La religion guide ce film d'une manière admirable. Elle n'est pas utilisée à tous les plans mais marque des tournants dans le récit des jeunes femmes. Le premier, on vient d'en parler, dans ce générique qui scelle leur amitié. Le second, dans une église, face au Christ représenté sur un vitrail, Dounia deale du shit et murmure « Pardonne-moi mon Dieu ». Elle demande la rédemption pour tous ses actes de vols et de trafics de drogues qu'elle effectue pour la gourou Rebecca. Où plutôt pour l'argent qu'elle reçoit.
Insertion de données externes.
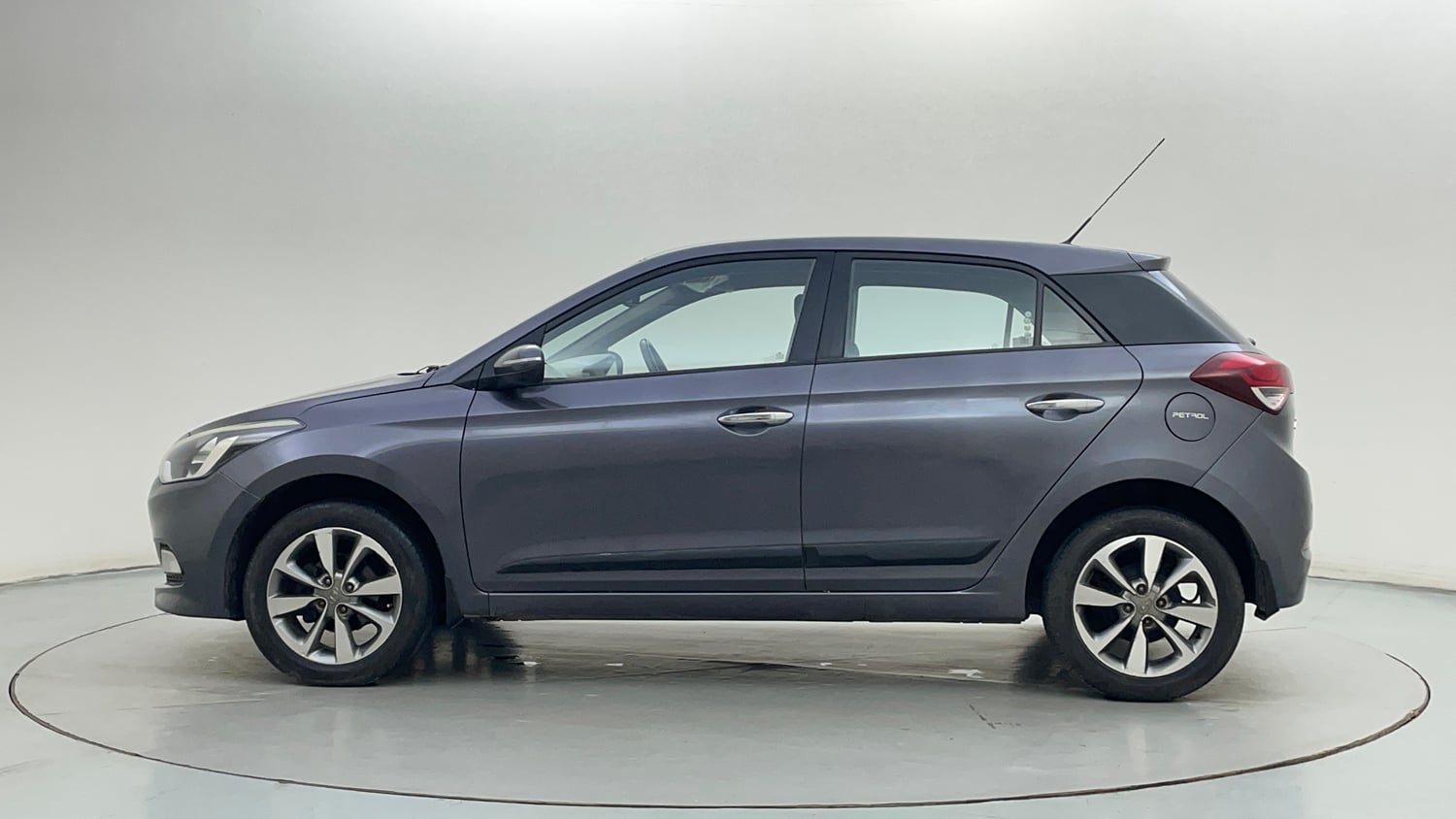 Used 2014 Hyundai Elite i20 Asta 1.2 Petrol Manual exterior LEFT SIDE VIEW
Car c'est l'argent qui, selon elle, la mènera hors de cette vie. Cette scène magique de l'église est portée par un Requiem de Mozart. Le troisième tournant, l'ultime. À la toute fin du film, après le drame, Dounia s'agenouille au sol le regard bercé de larmes. La Sainte-Vierge nous apparaît alors dans un subtil jeu de mise en scène où derrière la tête de l'actrice on aperçoit une aura lumineuse. La scène est accompagnée de Et in terra pax de Vivaldi (chant composé à partir des paroles de la Bible). La scène est d'une telle violence, d'une telle intensité qu'elle nous scotche à notre siège nous laissant sans voix. Dounia se lève alors et est rejointe par le père de sa meilleure amie Maimouna (il est Imam) ; dans ces ultimes secondes c'est la Vierge Marie qui fait face à Dieu. Lui donnera-t-il la rédemption qu'elle attendait ?
La religion est l'une des âmes de ce film choc, telle une moralisatrice elle apporte à ces jeunes en mal de vivre une plus grande humanité mais aussi les condamne pour leurs actes malveillants.
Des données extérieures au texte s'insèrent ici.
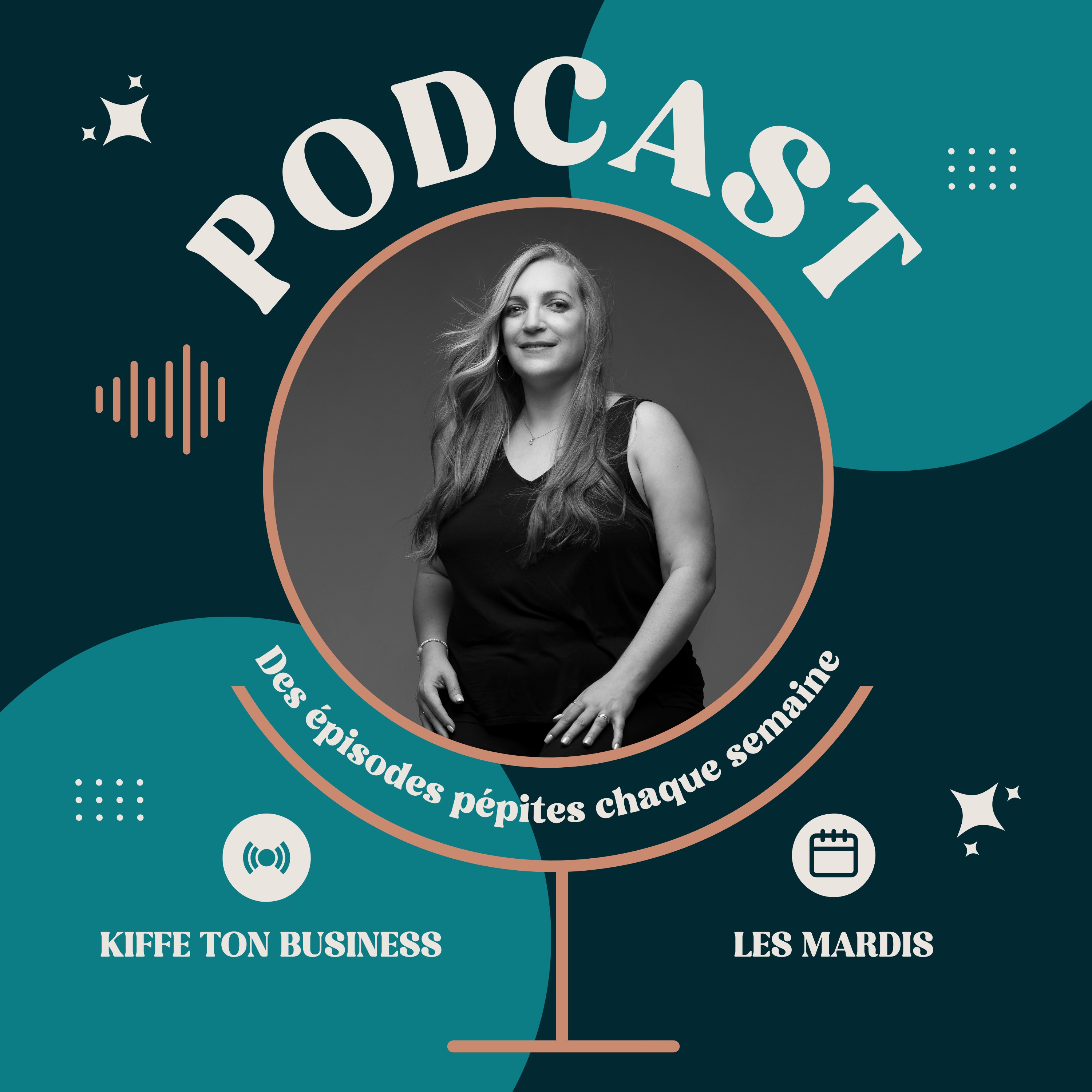Kiffe Ton Business podcast artwork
Une jeunesse en perte de repères
Quel est véritablement le sujet de Divines ? Ce n'est en tout pas, à mon sens, la cité. Elle est présente bien évidemment, mais c'est un décor, un personnage. Le sujet fondamental du long métrage est la jeunesse. Une jeunesse mal à l'aise dans son époque, dans ses études et dans sa famille. Une jeunesse en perte de repères fondamentaux pour se créer une réelle personnalité. Une jeunesse en rupture avec le système scolaire.
Dounia n'a vraisemblablement pas de père, sa mère l'aime mais ne le montre pas, elle assume un travail de serveuse dans un petit bar de nuit sans prétention. Elle passe le plus clair de son temps à boire pendant son service et a ruminer ses malheurs. Dounia aime sa mère d'un amour profond et sincère. Cette dernière ne s'en rend même pas compte. Alors quand elle trouvera des yeux bienveillants en la personne de Djigui (vigile dans un supermarché et danseur en quête de professionnalisme), elle espère sortir du carcan d'une vie qui ne l'a satisfait plus.
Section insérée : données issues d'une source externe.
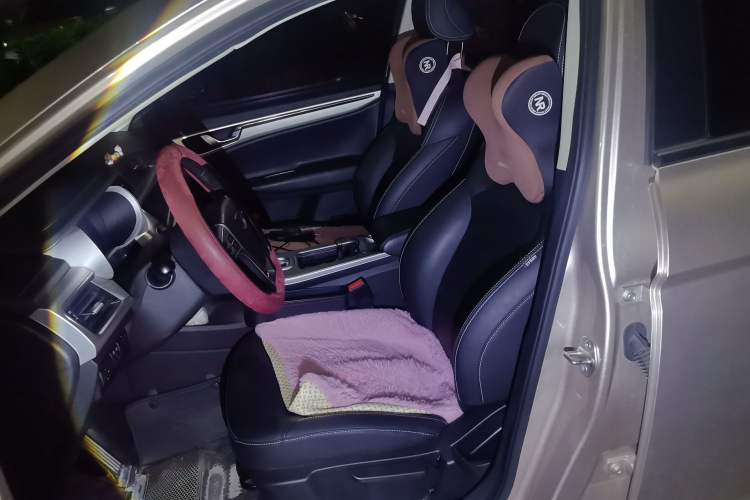 Used Geely Auto Emgrand GL 2017 1.3T DCT Elite Model Left Front Seat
Sa meilleure amie, Maimouna, elle, est enfermée dans le cocon familial. Son père l'Iman de la cité a une telle emprise sur sa fille que cette dernière en suivant Dounia aspire à une certaine liberté.
La réalisatrice a choisi comme décor une cité de banlieue, mais elle aurait très bien pu en choisir une autre. Mais en choisissant justement de placer son film dans cet urbanisme trop souvent décrié elle en fait un portrait sensible, émouvant et dramatique à la fois. Proche d'une certaine réalité.
Je tiens par ailleurs à souligner les prestations de l'ensemble des acteurs. Tous inconnus ou presque. Ils sont d'une telle fraîcheur, d'une telle spontanéité. Cela fait du bien de voir de nouvelles têtes.
Quant à la cinéaste, pour son premier film, elle maîtrise parfaitement son sujet. Tous les plans sont captivants de réalisme et de professionnalisme. Je tire mon chapeau à une cinéaste qui, je l'espère, ira loin.
Courez-y, Divines est un petit chef d’œuvre moderne comme on en fait plus.

Divines, en salle depuis le 31 août 2016
Caméra d'Or Festival de Cannes 2016
Réalisé par Houda BENYAMINA
Durée 1H47
Avec Oulaya AMAMRA, Déborah LUKUMUENA, Kévin MISCHEL, Jisca KALVANDA, Yasin HOUICHA.